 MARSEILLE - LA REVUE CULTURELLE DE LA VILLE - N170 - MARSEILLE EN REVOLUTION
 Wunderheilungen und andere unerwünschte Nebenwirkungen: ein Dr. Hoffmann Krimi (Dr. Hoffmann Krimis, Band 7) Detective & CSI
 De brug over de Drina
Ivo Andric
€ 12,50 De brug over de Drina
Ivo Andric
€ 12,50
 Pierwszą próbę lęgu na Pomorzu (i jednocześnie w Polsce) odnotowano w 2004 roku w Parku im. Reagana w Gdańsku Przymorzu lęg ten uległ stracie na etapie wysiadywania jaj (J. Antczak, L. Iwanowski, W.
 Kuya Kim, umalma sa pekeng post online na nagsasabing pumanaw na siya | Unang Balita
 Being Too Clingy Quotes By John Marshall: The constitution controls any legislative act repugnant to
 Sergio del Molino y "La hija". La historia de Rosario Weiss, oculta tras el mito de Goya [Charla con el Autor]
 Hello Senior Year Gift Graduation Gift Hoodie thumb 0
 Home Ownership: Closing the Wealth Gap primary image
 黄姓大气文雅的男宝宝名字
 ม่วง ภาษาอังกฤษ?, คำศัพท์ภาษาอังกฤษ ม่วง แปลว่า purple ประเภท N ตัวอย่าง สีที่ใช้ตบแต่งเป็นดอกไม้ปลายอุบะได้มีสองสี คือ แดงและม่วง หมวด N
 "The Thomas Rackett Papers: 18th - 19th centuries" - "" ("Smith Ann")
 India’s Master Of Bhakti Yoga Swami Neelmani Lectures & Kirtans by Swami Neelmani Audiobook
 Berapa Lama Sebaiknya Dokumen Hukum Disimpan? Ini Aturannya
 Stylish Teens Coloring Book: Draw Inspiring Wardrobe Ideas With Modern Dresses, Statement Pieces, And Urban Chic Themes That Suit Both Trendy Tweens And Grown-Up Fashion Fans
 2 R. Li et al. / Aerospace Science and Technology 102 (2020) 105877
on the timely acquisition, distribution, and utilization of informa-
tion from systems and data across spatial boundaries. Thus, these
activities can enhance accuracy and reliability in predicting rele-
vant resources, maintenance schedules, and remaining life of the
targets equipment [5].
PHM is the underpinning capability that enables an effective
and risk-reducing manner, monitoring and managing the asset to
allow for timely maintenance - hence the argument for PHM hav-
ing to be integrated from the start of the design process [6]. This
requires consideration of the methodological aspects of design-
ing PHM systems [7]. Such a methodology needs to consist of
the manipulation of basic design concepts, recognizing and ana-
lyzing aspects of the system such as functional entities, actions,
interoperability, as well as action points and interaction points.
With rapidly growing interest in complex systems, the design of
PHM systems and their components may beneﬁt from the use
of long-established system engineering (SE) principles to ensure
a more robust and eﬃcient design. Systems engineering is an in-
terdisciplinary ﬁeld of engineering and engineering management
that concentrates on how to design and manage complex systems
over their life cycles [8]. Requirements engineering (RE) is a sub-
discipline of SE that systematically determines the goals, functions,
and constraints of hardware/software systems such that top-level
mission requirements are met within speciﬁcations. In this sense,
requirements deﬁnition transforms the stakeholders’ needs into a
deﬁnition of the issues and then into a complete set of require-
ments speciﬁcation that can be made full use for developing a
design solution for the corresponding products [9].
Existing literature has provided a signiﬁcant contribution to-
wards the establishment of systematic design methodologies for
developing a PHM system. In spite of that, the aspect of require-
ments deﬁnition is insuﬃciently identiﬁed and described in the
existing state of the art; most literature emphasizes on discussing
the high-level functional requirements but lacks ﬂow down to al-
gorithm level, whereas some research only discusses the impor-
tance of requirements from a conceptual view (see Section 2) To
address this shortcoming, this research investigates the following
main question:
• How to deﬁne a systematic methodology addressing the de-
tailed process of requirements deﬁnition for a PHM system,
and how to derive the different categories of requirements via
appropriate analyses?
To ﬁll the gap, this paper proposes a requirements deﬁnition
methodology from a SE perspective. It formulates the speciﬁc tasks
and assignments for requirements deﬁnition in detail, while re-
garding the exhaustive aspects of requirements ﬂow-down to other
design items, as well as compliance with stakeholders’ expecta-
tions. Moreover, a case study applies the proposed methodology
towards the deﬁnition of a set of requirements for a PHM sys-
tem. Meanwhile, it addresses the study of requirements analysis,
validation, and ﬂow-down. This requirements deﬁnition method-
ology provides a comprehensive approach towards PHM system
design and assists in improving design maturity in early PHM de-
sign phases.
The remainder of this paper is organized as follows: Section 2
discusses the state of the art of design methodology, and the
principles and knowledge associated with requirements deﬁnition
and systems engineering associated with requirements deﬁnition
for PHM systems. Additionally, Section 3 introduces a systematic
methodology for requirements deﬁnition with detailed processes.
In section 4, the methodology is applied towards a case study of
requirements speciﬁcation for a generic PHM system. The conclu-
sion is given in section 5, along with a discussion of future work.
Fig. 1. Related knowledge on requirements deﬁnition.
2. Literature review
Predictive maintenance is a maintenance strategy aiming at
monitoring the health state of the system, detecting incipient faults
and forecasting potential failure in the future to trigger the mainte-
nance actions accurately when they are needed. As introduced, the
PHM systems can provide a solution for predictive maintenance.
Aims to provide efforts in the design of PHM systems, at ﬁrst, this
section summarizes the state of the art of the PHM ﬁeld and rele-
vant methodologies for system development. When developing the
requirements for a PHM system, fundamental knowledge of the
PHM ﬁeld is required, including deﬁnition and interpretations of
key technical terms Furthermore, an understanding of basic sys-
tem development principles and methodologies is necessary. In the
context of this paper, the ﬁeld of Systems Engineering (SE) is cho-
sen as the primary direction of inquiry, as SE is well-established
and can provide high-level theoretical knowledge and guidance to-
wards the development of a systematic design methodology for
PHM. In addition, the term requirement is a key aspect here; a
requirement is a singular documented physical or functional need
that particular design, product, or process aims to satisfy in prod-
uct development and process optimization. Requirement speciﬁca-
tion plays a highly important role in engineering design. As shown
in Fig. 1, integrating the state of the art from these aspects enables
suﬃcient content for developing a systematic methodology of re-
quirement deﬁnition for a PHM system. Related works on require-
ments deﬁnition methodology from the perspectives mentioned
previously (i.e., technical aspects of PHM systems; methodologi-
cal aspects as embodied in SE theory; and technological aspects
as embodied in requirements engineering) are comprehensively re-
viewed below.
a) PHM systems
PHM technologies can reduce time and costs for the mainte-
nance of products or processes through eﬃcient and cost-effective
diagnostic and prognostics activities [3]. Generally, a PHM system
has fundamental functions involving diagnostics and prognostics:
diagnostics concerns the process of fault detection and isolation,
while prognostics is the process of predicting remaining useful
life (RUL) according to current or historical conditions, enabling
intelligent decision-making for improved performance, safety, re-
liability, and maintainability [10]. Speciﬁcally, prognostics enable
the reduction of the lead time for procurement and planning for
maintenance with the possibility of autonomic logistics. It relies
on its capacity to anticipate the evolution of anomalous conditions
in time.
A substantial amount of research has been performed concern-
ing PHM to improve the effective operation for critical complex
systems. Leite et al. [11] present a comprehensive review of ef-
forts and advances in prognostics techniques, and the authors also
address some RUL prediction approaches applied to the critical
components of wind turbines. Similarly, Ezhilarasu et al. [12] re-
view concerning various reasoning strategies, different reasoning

========================

### Aim of the exercise:
From the listing above, pick out each line where the word "needs" appears.

### Answer:
ing PHM systems [7]. Such a methodology needs to consist of
requirements deﬁnition transforms the stakeholders’ needs into a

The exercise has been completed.